A humanoid robot casually spraying cleaner on a coffee table and wiping it down might seem like science fiction, but Figure AI's latest demonstration is very real—and it represents a significant inflection point in how robots learn practical household skills.

The Figure 03: Learning Without Explicit Programming

Figure AI's third-generation model, Figure 03, recently demonstrated the ability to clean living spaces using only data-driven learning. Unlike previous generations that required extensive manual programming for specific tasks, this robot learns household routines the way humans do: by observing patterns and adapting to variations in its environment. In the demonstration, the robot autonomously handled everything from applying cleaner to using a cloth—subtle movements that traditionally demanded frame-by-frame coding.

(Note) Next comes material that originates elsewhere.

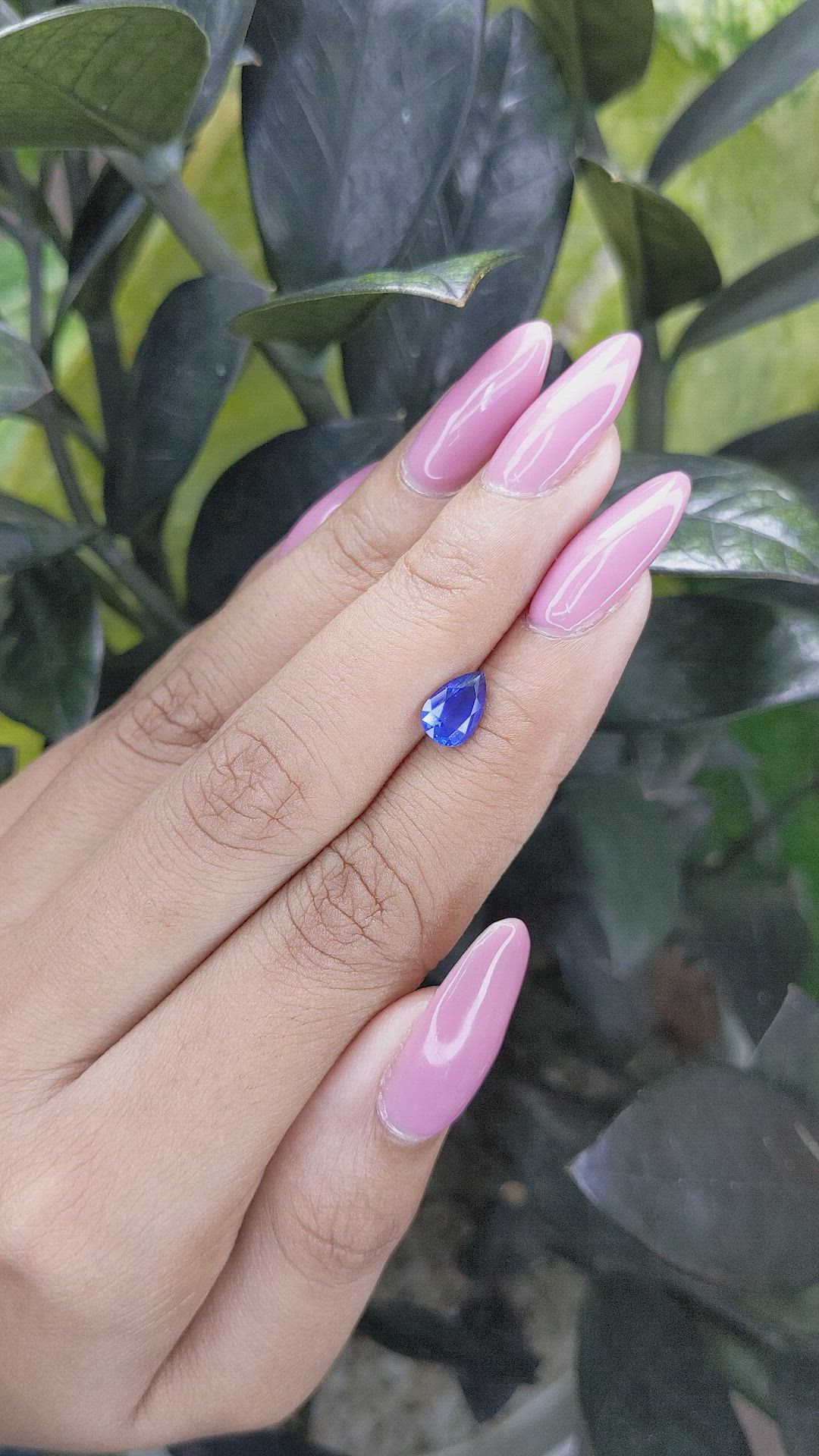 1.24 Ct. Blue Sapphire from Tanzania Size Video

This shift from rule-based to learning-based robotics is crucial. It means developers no longer need to program every possible scenario; the robot learns generalizable skills that transfer across different homes, furniture layouts, and cleaning products.

Why This Matters Beyond the Lab

From a global perspective, this breakthrough addresses one of robotics' oldest challenges: the "last-mile problem" of practical deployment. While industrial robots excel at repetitive factory tasks, home robotics has struggled because domestic environments are infinitely variable. A coffee table in Seoul looks different from one in Stockholm, yet Figure 03's learning approach handles both.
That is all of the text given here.